Peresepan antibiotik rawat jalan membutuhkan pengawasan lebih ketat, termasuk peresepan oleh dokter gigi jangan menjadi titik buta.  Dokter gigi mungkin hanya bertemu seorang pasien setahun sekali, sehingga mungkin mereka tidak melihat manfaat memberikan edukasi kepada pasien jika tidak membutuhkan antibiotik. Akan tetapi, ketidakpedulian itu merupakan faktor penyebab peresepan yang tidak tepat.[4]

Beberapa pedoman penggunaan antibiotik yang tepat pada kedokteran gigi sebagai berikut:

  • Tata laksana penyakit abses periapikal hanya membutuhkan prosedur pembedahan lokal, dan antibiotik hanya diberikan jika terdapat penyebaran infeksi sistemik
  • Pemberian antibiotik profilaksis prosedur dental seharusnya sudah ditinggalkan, karena risiko endokarditis dan infeksi sendi dari penyebaran hematogen dapat dicegah dengan kontrol oral hygiene yang baik
  • Pemberian antibiotik profilaksis pada pasien dengan riwayat joint replacement sudah tidak diperlukan, berdasarkan pedoman terbaru dari American Dental Association (ADA) pada tahun 2015[1,4,5,7]

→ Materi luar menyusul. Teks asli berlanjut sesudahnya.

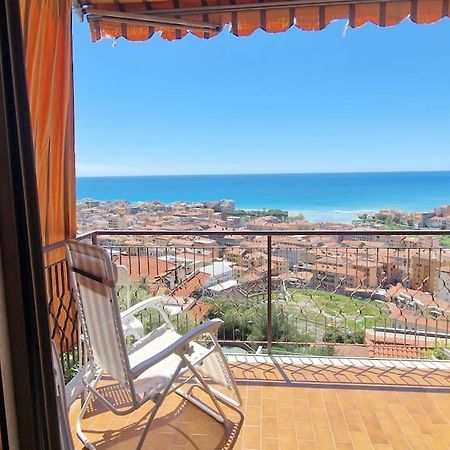 Thekeystudio, La Casa Del Mare Azzurro With Seaview Ventimiglia Exterior foto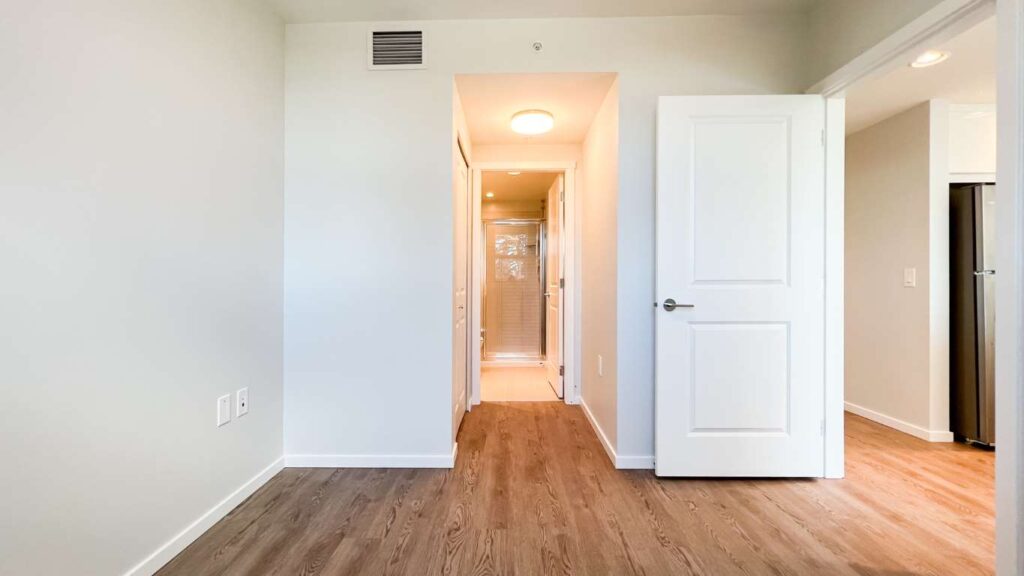 Unit 705 - 5425 Shortcut Road Vancouver-16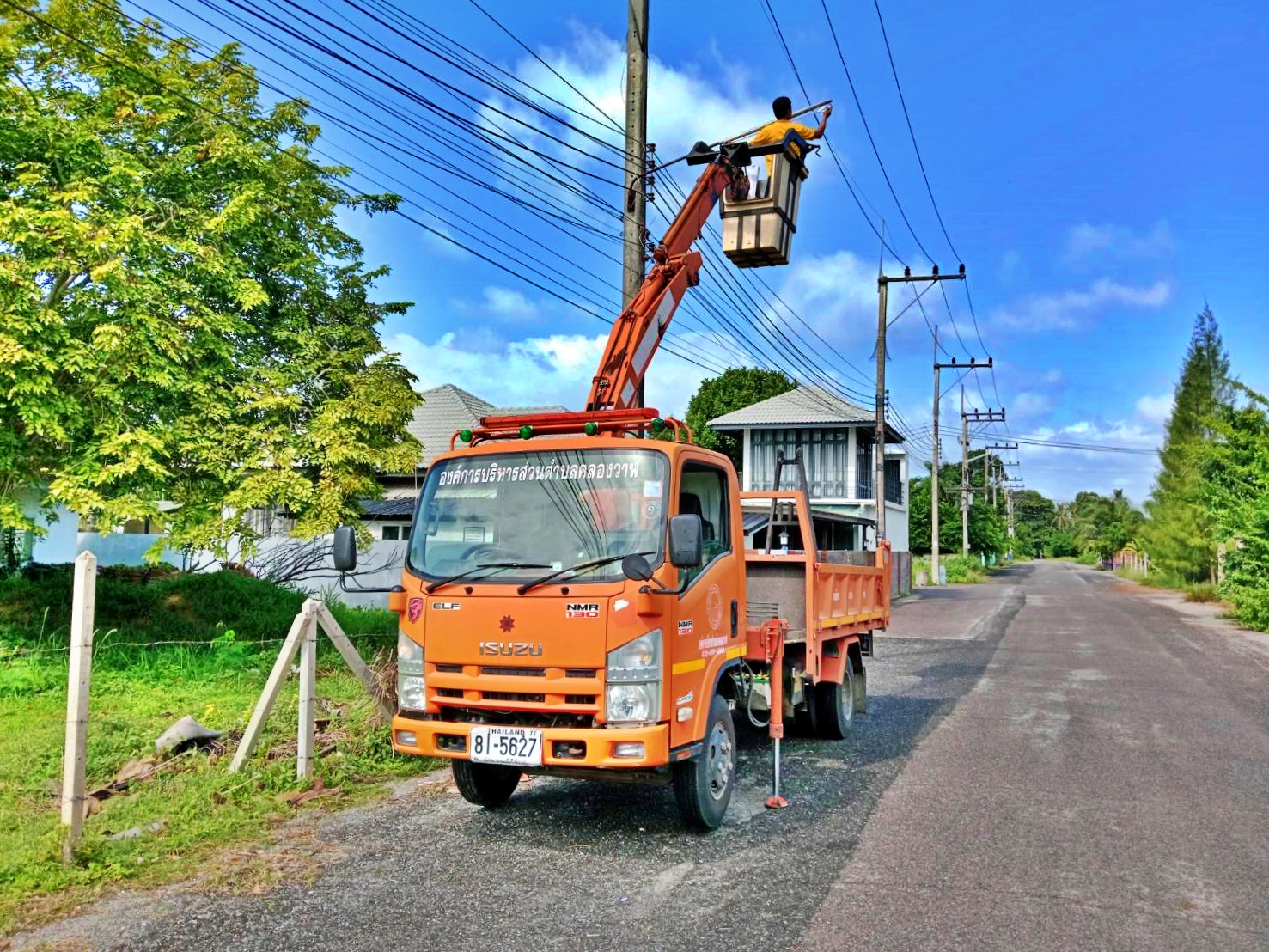 ซ่อมไฟฟ้าส่องสว่างสาธารณะที่ชำรุด ขัดข้อง ในเขตพื้นที่ หมู่ที่ 1 บ้านคลองวาฬ
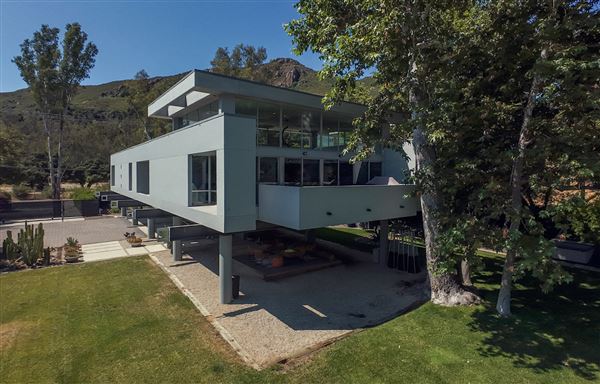 Mulholland Hwy House (4/1/2025 - Credits: Holistictherapeutic.com)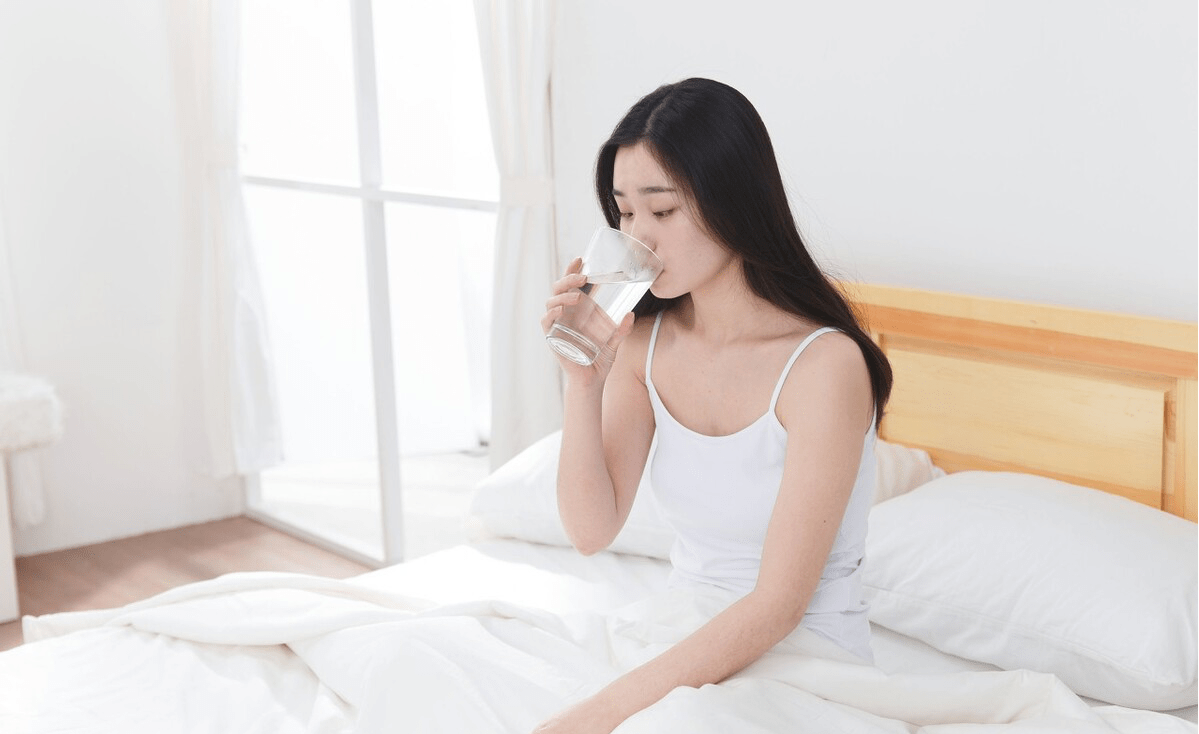 尿酸|小便是尿酸“警示器”!排尿时出现3种异常,尿酸恐已超“标准线”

Perlu diingat bahwa penggunaan antibiotik lini pertama yang tidak tepat akan menyebabkan risiko resistensi obat, sehingga kelak akan meningkatkan penggunaan antibiotik lini kedua atau antibiotik ganda, dan meningkatkan durasi pemberian obat. Hal tersebut berisiko menyebabkan CDI dan MDR (multiple drug resistance).[1,7]

Kesimpulan

Clostridium difficile infection (CDI) sering disebut sebagai diare terkait perawatan kesehatan (healthcare associated diarrhea), karena faktor risiko utama adalah penggunaan antibiotik yang mengganggu keseimbangan flora normal mukosa usus. Prevalensi Clostridium difficile infection (CDI) di Indonesia relatif tinggi, hal ini disebabkan oleh penggunaan antibiotik yang tidak sesuai dengan indikasi dan dosis, diantaranya pemberian antibiotik dalam praktek kedokteran gigi.

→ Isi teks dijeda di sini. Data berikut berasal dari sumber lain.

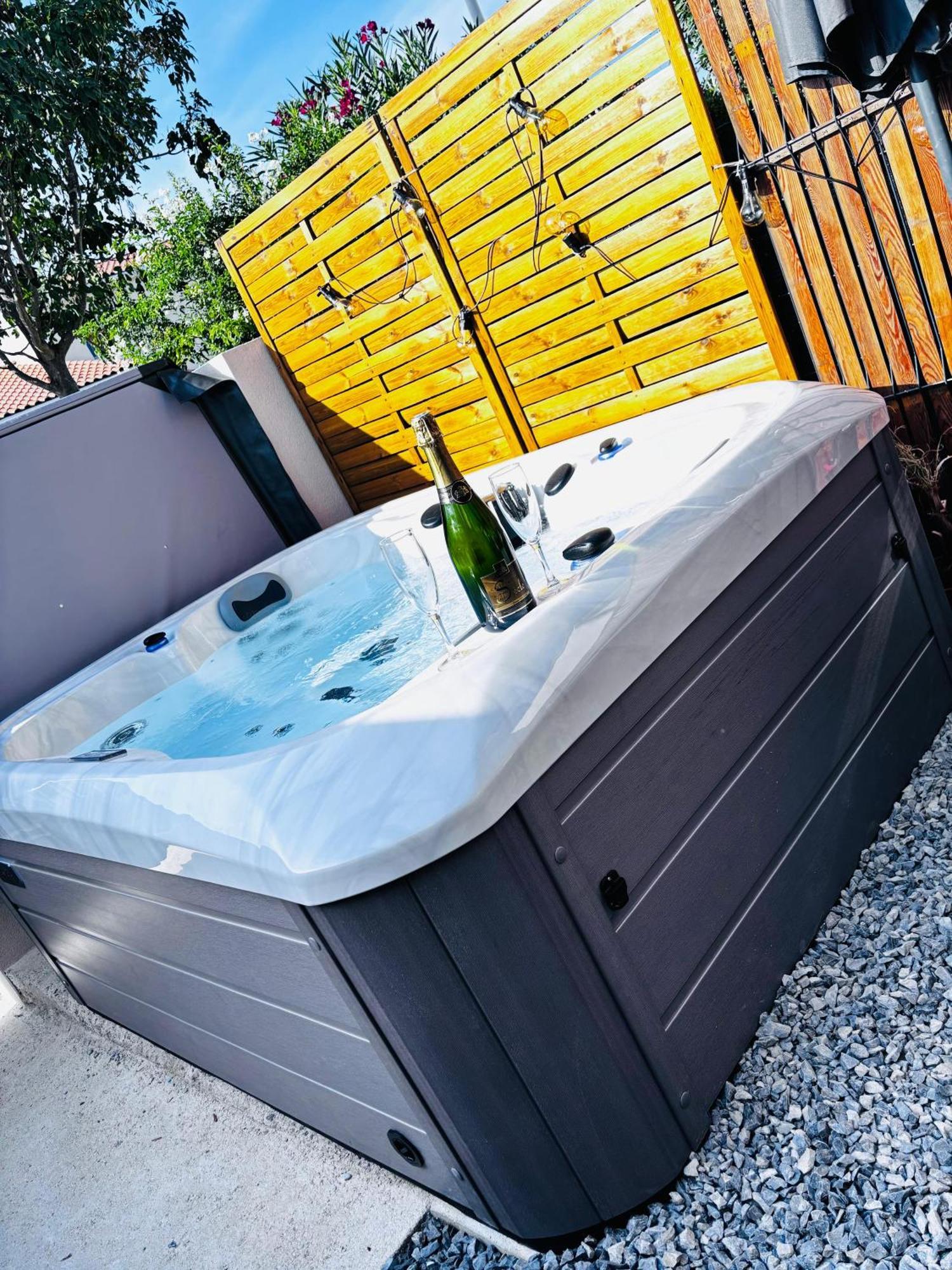Logement Du Sud Avec Jacuzzi Sommieres Bagian luar foto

Antibiotik yang diresepkan oleh dokter gigi seringkali bersifat empirik dan spektrum luas. Selain itu, masih sering diberikan antibiotik profilaksis prosedur dental terutama pada pasien usia lebih tua. Padahal, berbagai pedoman terbaru terkait praktik kedokteran gigi telah membatasi lebih sempit pemberian antibiotik pada prosedur dental.

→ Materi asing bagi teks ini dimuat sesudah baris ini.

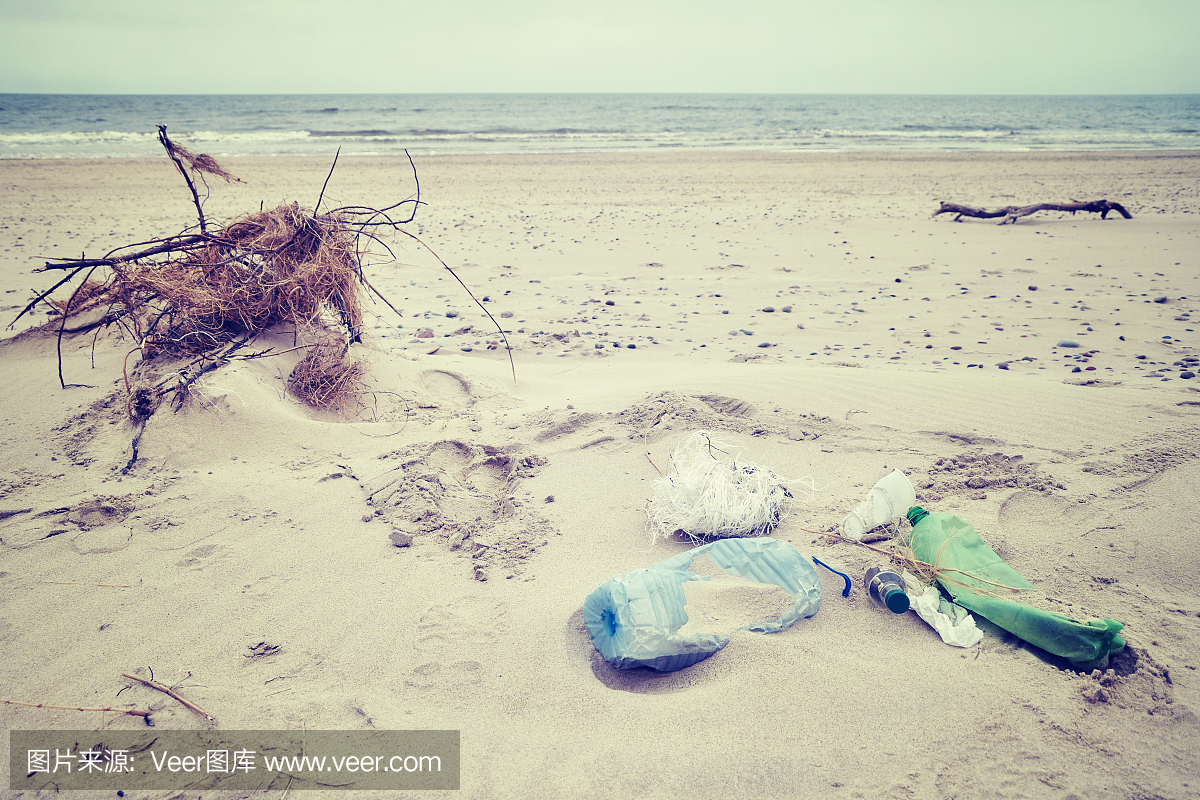 留在沙滩上的垃圾,环境污染的概念。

Terlambatnya pengetahuan dan penerapan pedoman terbaru di praktek dokter gigi tampaknya menjadi penyebab peningkatan peresepan antibiotik oleh dokter gigi setiap tahunnya. Oleh karena itu, sangat penting diadakan pendidikan berkelanjutan untuk dokter gigi yang menjangkau semua dokter gigi dengan cepat dan tepat. Disertai diskusi terbuka tentang hambatan dokter gigi di lapangan untuk memotivasi mereka memberikan antibiotik yang sesuai indikasi dan dosisnya.